*** Data to use ***

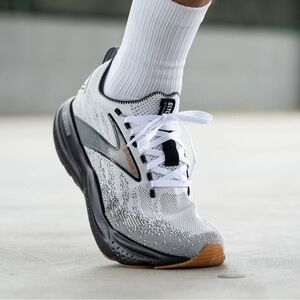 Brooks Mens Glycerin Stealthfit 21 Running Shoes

*** End of Data to use ***
*** Data to use ***

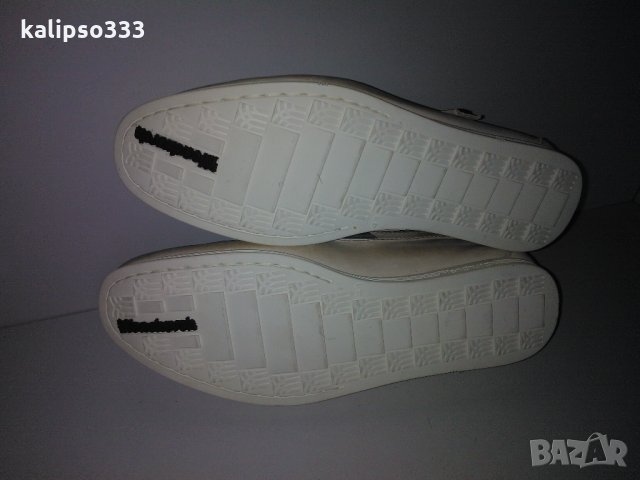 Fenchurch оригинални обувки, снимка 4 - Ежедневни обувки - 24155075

*** End of Data to use ***
*** Data to use ***

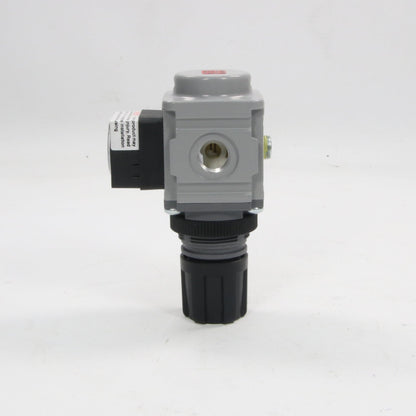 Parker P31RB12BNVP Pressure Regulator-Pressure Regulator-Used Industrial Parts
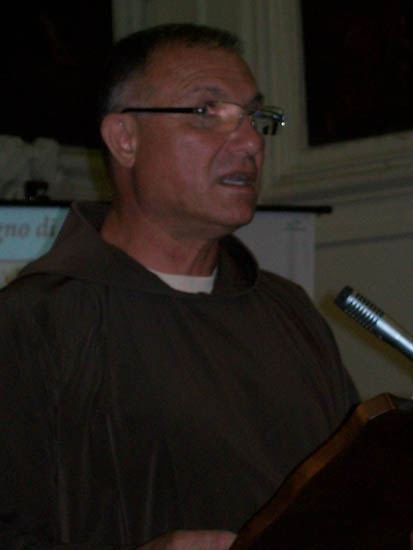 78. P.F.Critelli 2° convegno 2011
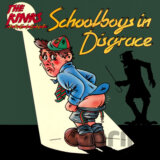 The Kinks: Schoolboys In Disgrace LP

*** End of Data to use ***

Out of the records above, please copy exactly the lines from the line with "Parker P31RB12BNVP Pressure" up to and including the line with "The Kinks: Schoolboys In Disgrace LP", minus the pictures.

 Parker P31RB12BNVP Pressure Regulator-Pressure Regulator-Used Industrial Parts
 78. P.F.Critelli 2° convegno 2011
 The Kinks: Schoolboys In Disgrace LP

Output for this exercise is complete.